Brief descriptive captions
%%
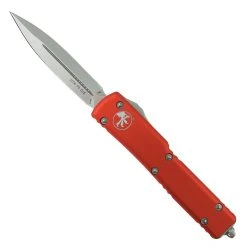 Microtech Orange UTX-70 OTF Auto Knife, Stonewash Dagger Blade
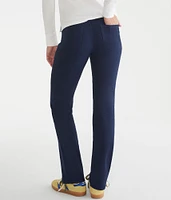 Seriously Stretchy Mid-Rise Straight Uniform Pants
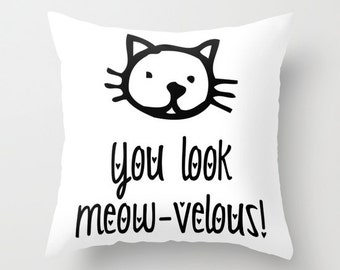 cat lady pillow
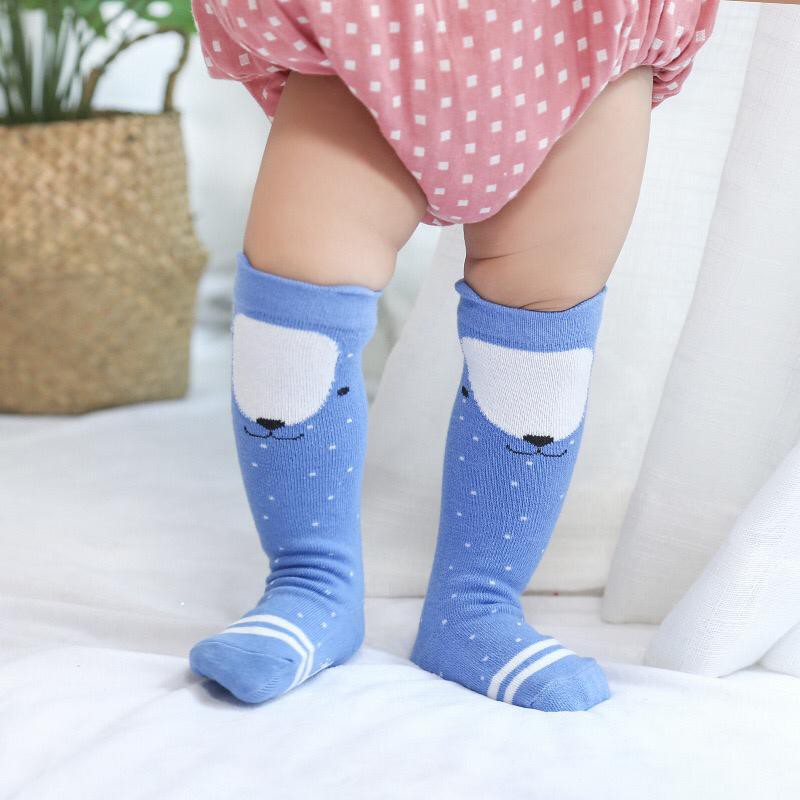 ☛TK☚ R150 KAOS KAKI KOREA BAYI LUCU PANJANG PREMIUM ANTI SLIP KIDS SOCK BABY KAOSKAKI CUTE SELIP KBP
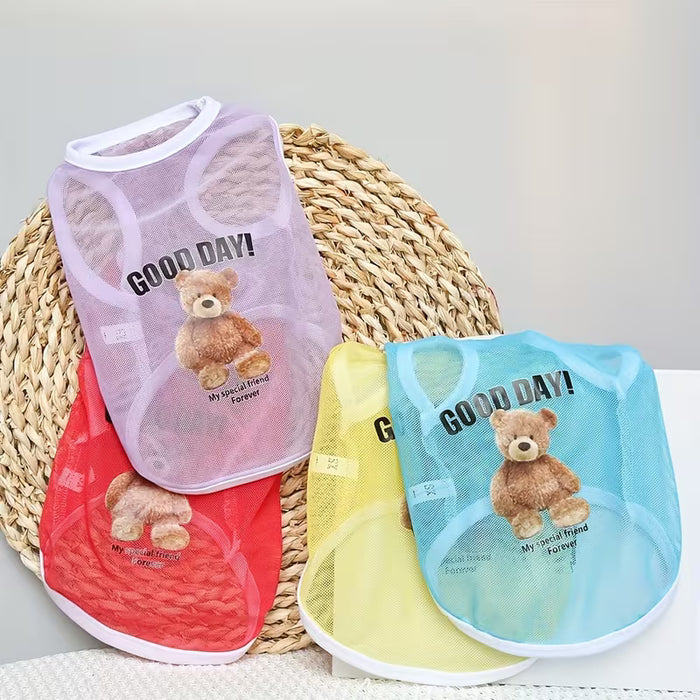 Ropa de Verano Universal para Gatos y Perros, Chaleco Estilo Anti-Suelto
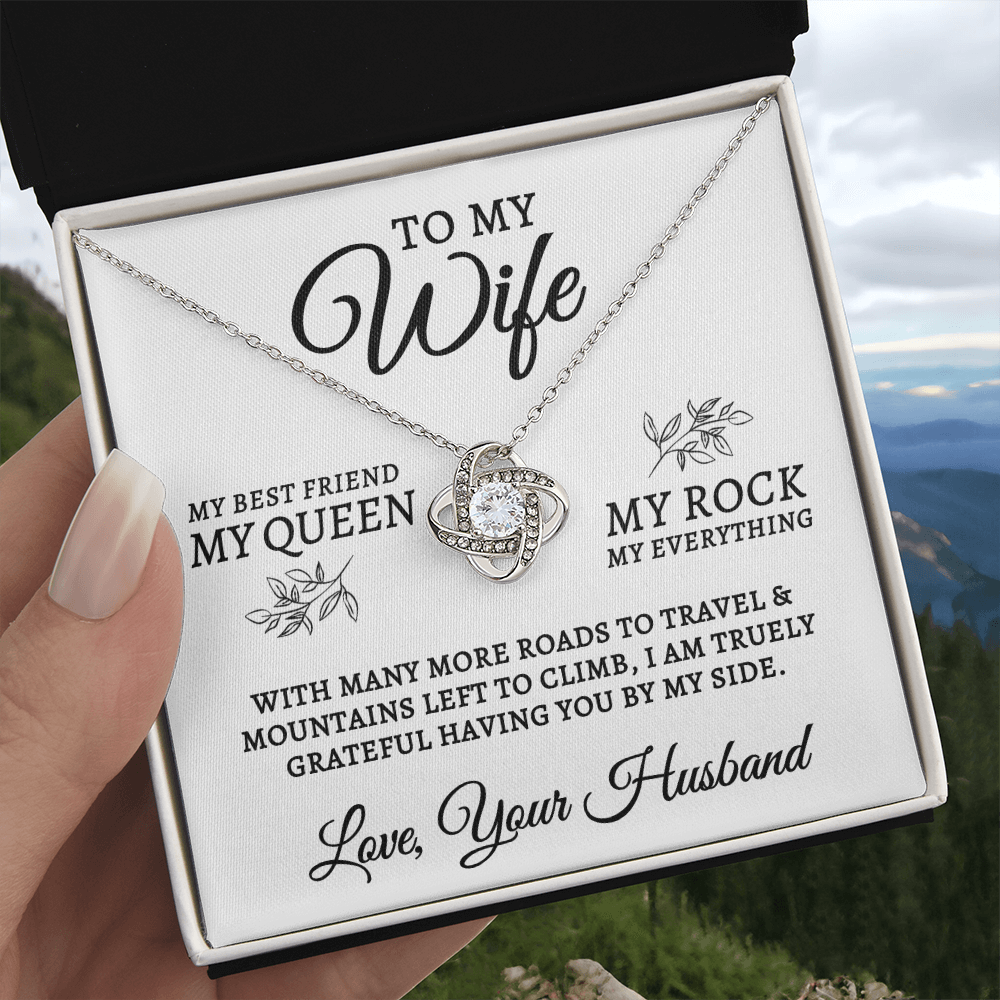To My Wife | My Rock (Love Knot Necklace)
%%
> _THE PROBLEM_: Return all the data above as written, leaving out only the pictures.

> _RESPONSE TO THE EXERCISE_:
 Microtech Orange UTX-70 OTF Auto Knife, Stonewash Dagger Blade
 Seriously Stretchy Mid-Rise Straight Uniform Pants
 cat lady pillow
 ☛TK☚ R150 KAOS KAKI KOREA BAYI LUCU PANJANG PREMIUM ANTI SLIP KIDS SOCK BABY KAOSKAKI CUTE SELIP KBP
 Ropa de Verano Universal para Gatos y Perros, Chaleco Estilo Anti-Suelto
To My Wife | My Rock (Love Knot Necklace)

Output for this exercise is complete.